CTFT of signum (sign) function

\[\text{sgn}(t) \xLeftrightarrow{\mathrm{CTFT}} {2\over j\omega}\]

• Defining sum of two ranged functions
• $g(t) \begin{cases}e^{-at}, & t\geq 0 \ -e^{at}, & t<0\end{cases}$, $\text{sgn} (t) = \lim_{a\to 0} g(t)$

\[\mathcal{F}\{g(t)\} = \int_0^\infty e^{-at}e^{-j\omega t} dt + \int_{-\infty}^0 -e^{at}e^{-j\omega t}dt = {-2j\omega \over \omega^2 + a^2}\] \[\mathcal{F}\{\text{sgn}(t)\} = \lim_{a\to 0}\mathcal{F}\{g(t)\} = {2\over j\omega}\]

Unit step function

\[u(t) = {\text{sgn} (t) + 1 \over 2} \xLeftrightarrow{\mathrm{CTFT}} {1\over j\omega} + \pi \delta(\omega)\]

Integration

\[\int_{-\infty}^t x(\tau)d\tau \xLeftrightarrow{\mathrm{CTFT}} {1\over j\omega} X(j\omega) + \pi X(0) \delta(\omega)\]

• Inverse of Differentiation but added initial value (Constant)

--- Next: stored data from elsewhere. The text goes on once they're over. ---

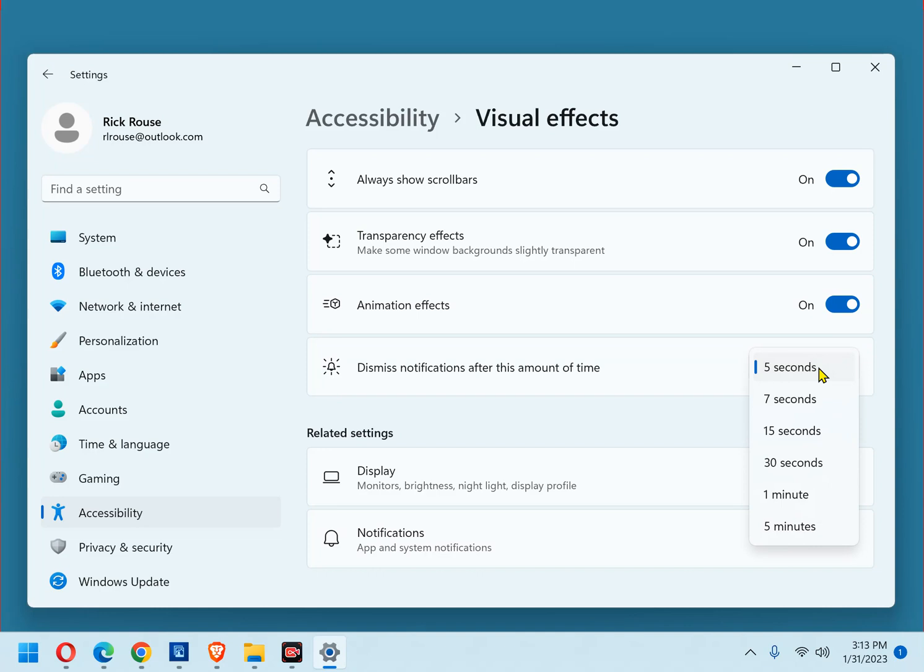I recommend starting with an interval of 7 seconds to see if that extra 2 seconds gives you enough time to read and understand the notifications when they appear. It just might.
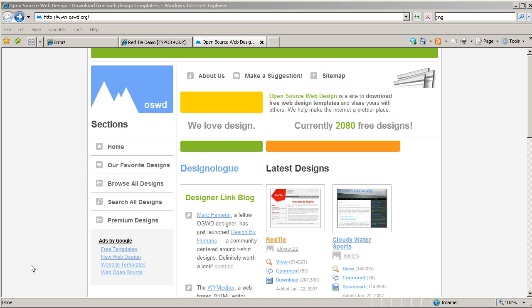Good afternoon, this is Simon Browning from See-Through Web, and in this TYPO3 demonstration video, I'm going to use TemplaVoila, the template mapping engine, to bring an HTML and CSS design into the content management system, into TYPO3.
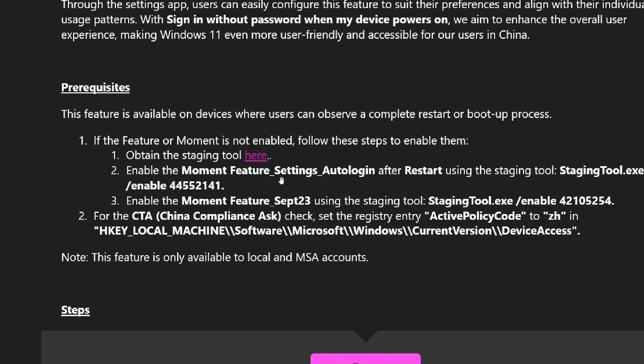And something else to take note of here. They say, Enable the Moment Feature September 2023. Now, that's very interesting because, as I have been posting, in September of this year, we are expecting Microsoft to start rolling out a feature update for this year for Windows 11 called the 23H2 Feature Update. And it's interesting to see that they have mentioned this. Enable the Moment Feature.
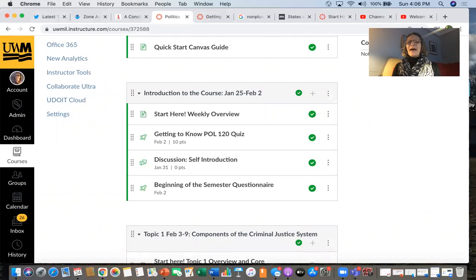That is an overview of how the Canvas course is organized. Hopefully this is helpful. If you have any other questions, just text me, drop me an email, give me a call, and I will talk to you again soon. Bye.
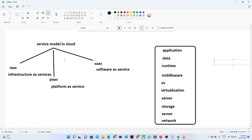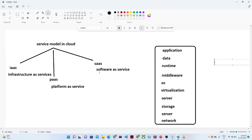We are going to see what are the service models available in the cloud. Mostly we have three types of services: one is IaaS, that is Infrastructure as a Service; the second one is PaaS, which we call Platform as a Service; and the third is SaaS, that is Software as a Service.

\[\int_{-\infty}^t x(\tau) d\tau = x(t) * u(t)\] \[\begin{aligned}\mathcal{F}\left\{\int_{-\infty}^{t} x(\tau)\,d\tau\right\}&= \mathcal{F}\{x(t) * u(t)\} \\&= X(j\omega)\left(\frac{1}{j\omega} + \pi \delta(\omega)\right) \\&= \frac{1}{j\omega} X(j\omega) + \pi X(0)\delta(\omega)\end{aligned}\]

Parseval’s relation

\[\int_{-\infty}^{\infty} |x(t)|^2 dt=\frac{1}{2\pi} \int_{-\infty}^{\infty} |X(j\omega)|^2 d\omega=\int_{-\infty}^{\infty} \frac{|X(j\omega)|^2}{2\pi} d\omega\] \[\begin{aligned} \int_{-\infty}^{\infty} |x(t)|^2 dt &= \int_{-\infty}^{\infty} x(t)x^*(t)\,dt \\ &= \int_{-\infty}^{\infty} x(t)\left[\frac{1}{2\pi}\int_{-\infty}^{\infty} X^*(j\omega)e^{-j\omega t}\,d\omega \right] dt \\ &= \frac{1}{2\pi} \int_{-\infty}^{\infty} X^*(j\omega)\left[\int_{-\infty}^{\infty} x(t)e^{-j\omega t}\,dt \right] d\omega \\ &= \frac{1}{2\pi} \int_{-\infty}^{\infty} X^*(j\omega)X(j\omega)\,d\omega \\ &= \frac{1}{2\pi} \int_{-\infty}^{\infty} |X(j\omega)|^2 d\omega \end{aligned}\]

• use relation $\vert x(t) \vert ^2 = x(t) x^*(t)$